Matteo era un esattore delle tasse, quindi, legato ad un’attività materiale e molto distante dalla spiritualità predicata dal Messia. Nel dipinto non è chiaro chi sia Matteo. Tradizionalmente, secondo alcuni storici è l’uomo con la folta barba che indica a sinistra. Recentemente è stata proposta l’ipotesi che, invece, Matteo sia il ragazzo seduto a capotavola, su di una sedia con la spalliera ricurva. La luce direzionata, che proviene da destra, dall’alto, simboleggia la luce della misericordia divina. La sua fonte è coincidente con l’alto dei cieli, Dio Padre, la provenienza a destra, invece, con l’ingresso di Cristo.
San Matteo e Genova
A Genova al Santo che celebriamo il 21 settembre è dedicata la chiesa fondata dalla famiglia Doria. La chiesa di San Matteo fu fondata nel 1125 da Martino Doria come chiesa gentilizia della propria famiglia.
Martino Doria, entrato nei frati benedettini dell'abbazia di San Fruttuoso di Capodimonte dopo essere rimasto vedovo, ottenne dal Vescovo Sigifredo di poter costruire una piccola chiesa su terreni di proprietà della famiglia nei pressi della Cattedrale di San Lorenzo. L'intitolazione della nuova chiesa a San Matteo era legata alla sua professione di gabelliere, proprio come i Doria, che pertanto ne fecero il loro patrono.
La chiesa, in stile romanico, fu consacrata nel 1132 dal Vescovo Siro II alla presenza di Papa Innocenzo II; fu inizialmente un priorato dipendente dall'abbazia di San Fruttuoso di Capodimonte, mentre il giuspatronato ed il diritto parrocchiale dei Doria, anche se di fatto esercitati fin dalle origini, sarebbero stati sanciti ufficialmente solo nel 1413 con due bolle di Giovanni XXIII.

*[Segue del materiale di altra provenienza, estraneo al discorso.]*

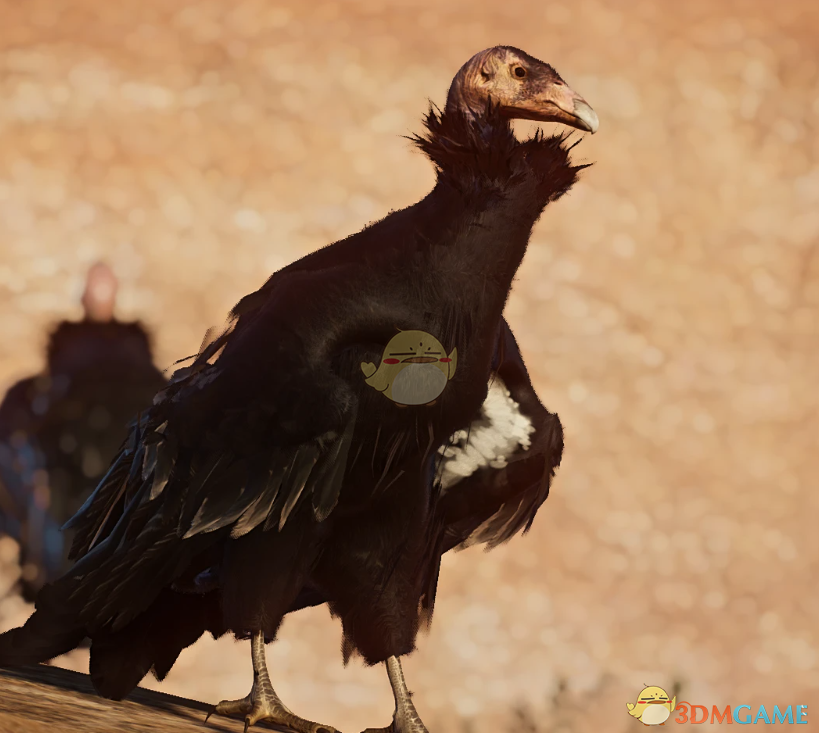 《动物园之星》新物种加利福尼亚秃鹫MOD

La chiesa venne completamente ricostruita nel 1278, arretrandone la facciata rispetto alla precedente chiesa romanica. La nuova chiesa, in stile gotico, più grande della precedente, venne realizzata nello stesso stile dei palazzi della famiglia, con i quali è direttamente collegata e dei quali riprende le arcate ogivali e il paramento a strisce bianche e nere, realizzato alternando marmo bianco e pietra di Promontorio; a sottolineare il suo ruolo di centro prestigioso della consorteria sulle liste di marmo bianco sono descritte le imprese della famiglia Doria.

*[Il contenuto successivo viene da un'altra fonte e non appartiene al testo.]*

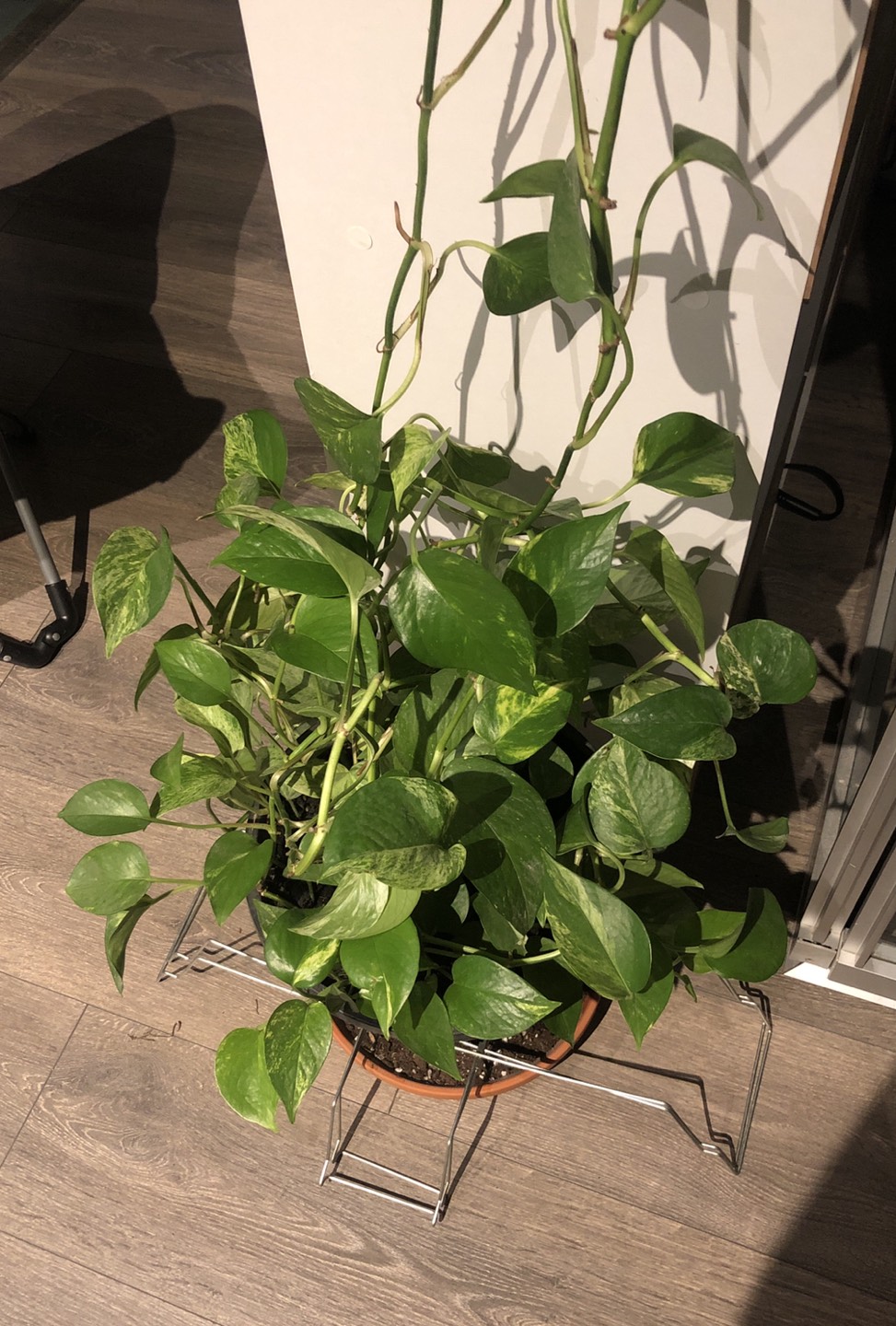 Plant image indicator(2)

L'edificio fu rinnovato a metà del XVI secolo per volere di Andrea Doria: tra il 1543 e il 1547 Giovanni Angelo Montorsoli provvide alla ristrutturazione e decorazione del presbiterio e della cupola ed alla realizzazione della sottostante cripta, poi tra il 1557 e il 1559 su progetto di Giovan Battista Castello vennero radicalmente modificate le navate e, con la collaborazione di Luca Cambiaso, fu realizzata la decorazione, raffigurante episodi della vita di San Matteo.